WHAT NEEDS TO BE DONE
Here the job is to transcribe only the lines from the one containing "das Jahr 1905." through the last line below, exactly as written; please leave out pictures.

DATA SUPPLIED
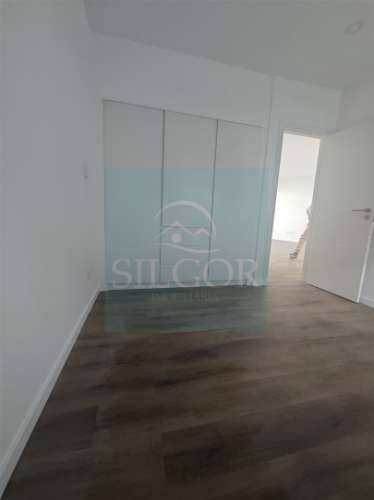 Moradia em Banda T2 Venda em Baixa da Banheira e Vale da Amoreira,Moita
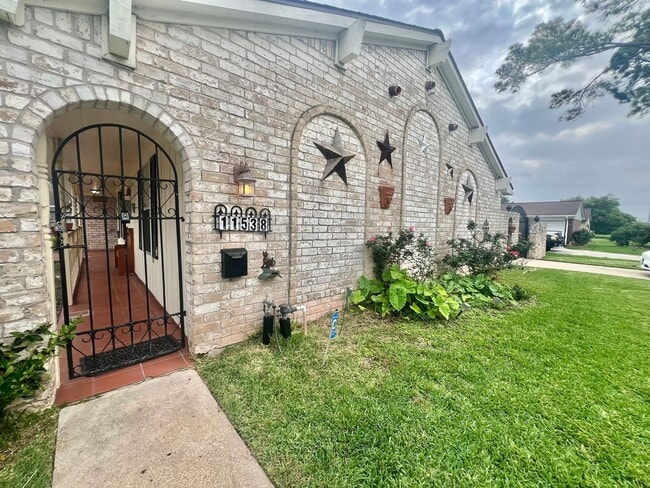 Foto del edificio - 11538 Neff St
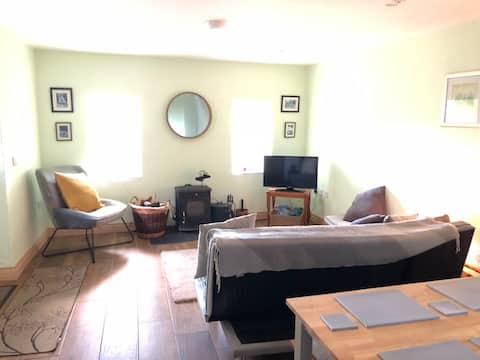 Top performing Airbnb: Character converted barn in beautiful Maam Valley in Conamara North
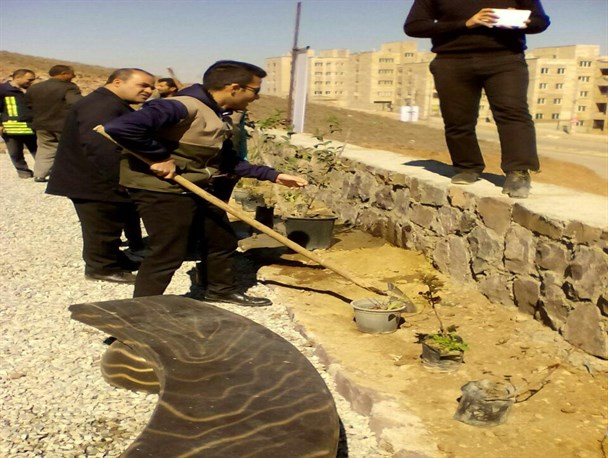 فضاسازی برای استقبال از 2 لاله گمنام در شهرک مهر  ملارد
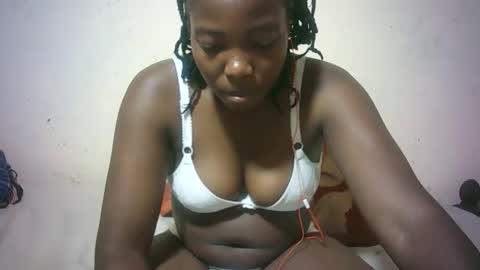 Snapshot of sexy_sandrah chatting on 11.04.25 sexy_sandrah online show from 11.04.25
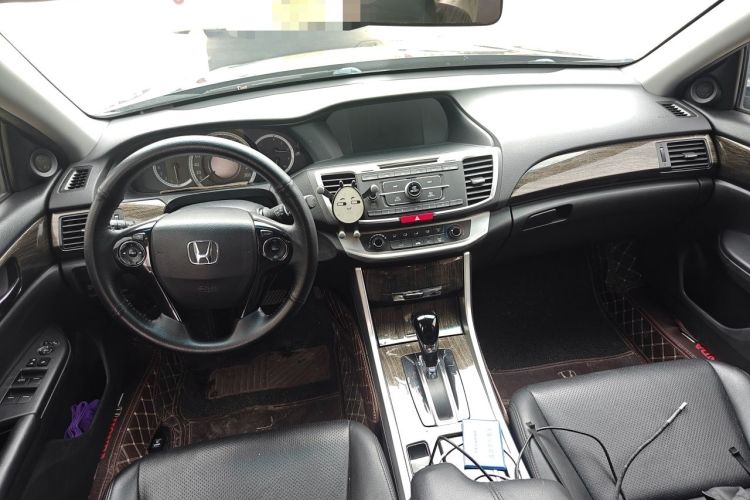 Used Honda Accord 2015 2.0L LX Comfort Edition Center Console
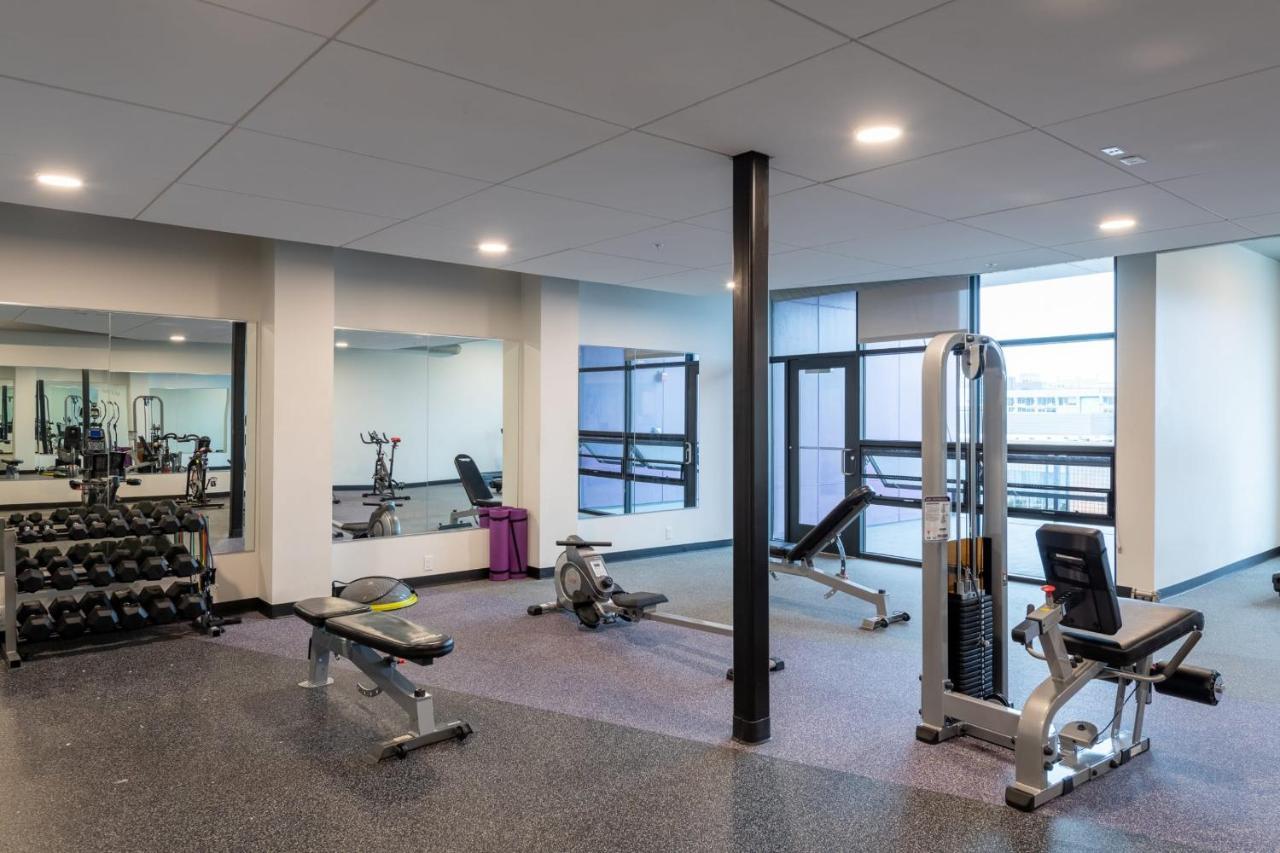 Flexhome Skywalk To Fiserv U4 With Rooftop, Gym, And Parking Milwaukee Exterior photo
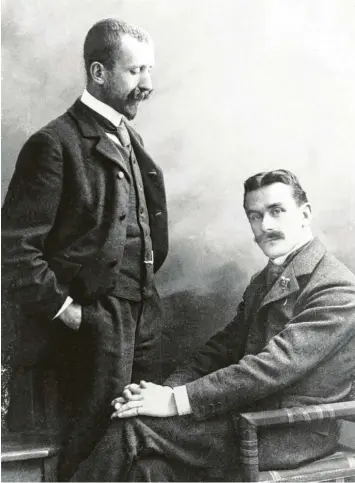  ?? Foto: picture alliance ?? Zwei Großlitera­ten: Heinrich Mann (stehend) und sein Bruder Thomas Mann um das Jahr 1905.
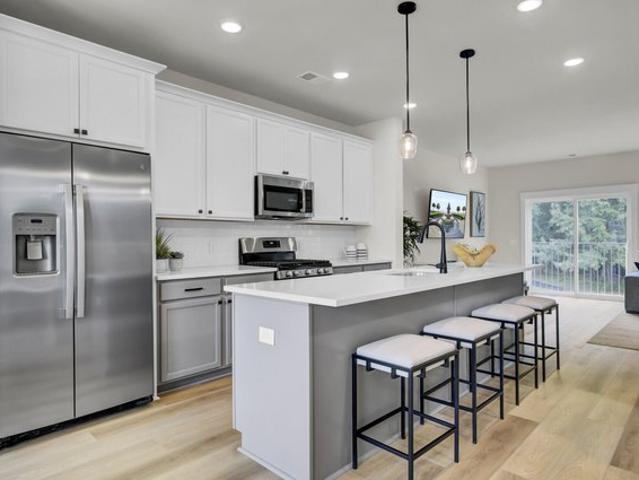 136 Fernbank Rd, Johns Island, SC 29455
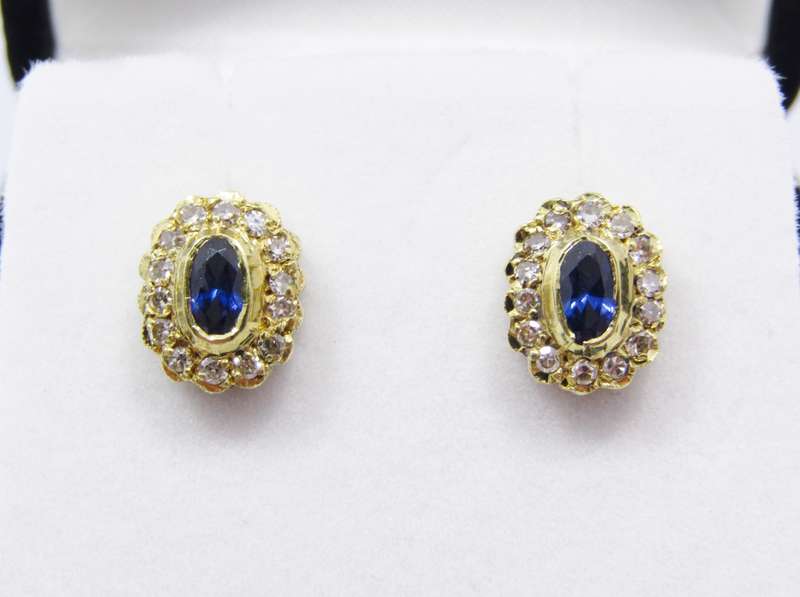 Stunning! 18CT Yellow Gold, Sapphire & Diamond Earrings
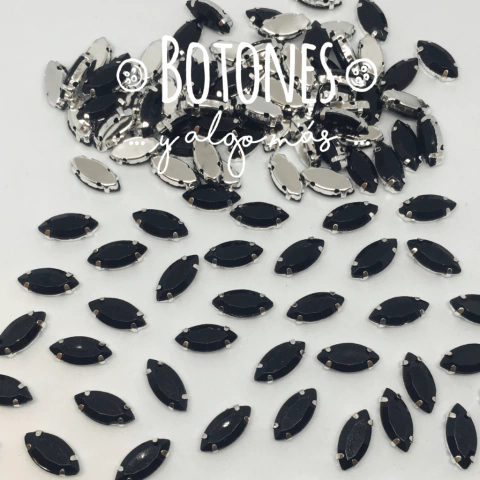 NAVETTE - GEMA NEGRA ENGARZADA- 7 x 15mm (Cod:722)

RESULT
  ?? Foto: picture alliance ?? Zwei Großlitera­ten: Heinrich Mann (stehend) und sein Bruder Thomas Mann um das Jahr 1905.
 136 Fernbank Rd, Johns Island, SC 29455
 Stunning! 18CT Yellow Gold, Sapphire & Diamond Earrings
 NAVETTE - GEMA NEGRA ENGARZADA- 7 x 15mm (Cod:722)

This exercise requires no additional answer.